Origines et histoire de la focaccia barese
Bari, capitale des Pouilles, est une ville de contrastes où se croisent influences grecques, byzantines, normandes et arabes. Cette histoire mouvementée a profondément marqué sa cuisine. La focaccia barese — que les Baresi appellent parfois fecazzeen dialecte local — est une recette populaire née dans les foyers du sud de l'Italie, bien avant que la pizza napolitaine ne devienne le symbole mondial de la gastronomie italienne.

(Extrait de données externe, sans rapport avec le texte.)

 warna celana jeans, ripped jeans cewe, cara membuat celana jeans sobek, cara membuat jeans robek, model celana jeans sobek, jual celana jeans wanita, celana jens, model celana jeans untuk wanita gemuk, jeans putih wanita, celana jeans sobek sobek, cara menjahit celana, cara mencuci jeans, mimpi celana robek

Traditionnellement, la focaccia était cuite dans des fours à bois sur des teglie — de larges plaques rondes en fer — légèrement surélevées pour permettre à la chaleur de circuler sous la pâte et créer ce fond croustillant si caractéristique. Les boulangers baresi enfournaient leurs plaques à l'aube, et la focaccia constituait le petit-déjeuner ou le casse-croûte des travailleurs et des écoliers. Encore aujourd'hui, dans le Bari vecchio — la vieille ville —, on peut acheter une tranche de focaccia barese pour quelques centimes auprès de boulangeries familiales qui travaillent selon les mêmes méthodes depuis plusieurs générations.
L'utilisation de la semoule de blé dur n'est pas un hasard : les Pouilles sont le grenier à blé de l'Italie. La région produit plus de blé dur que n'importe quelle autre, alimentant aussi bien les usines de pâtes sèches que les fours des boulangers artisanaux. La semoule rimacinata— moulue deux fois pour une texture plus fine — apporte à la focaccia une légère rusticité, une structure alvéolée plus généreuse et une durée de conservation supérieure à celle d'une pâte à base de farine blanche seule.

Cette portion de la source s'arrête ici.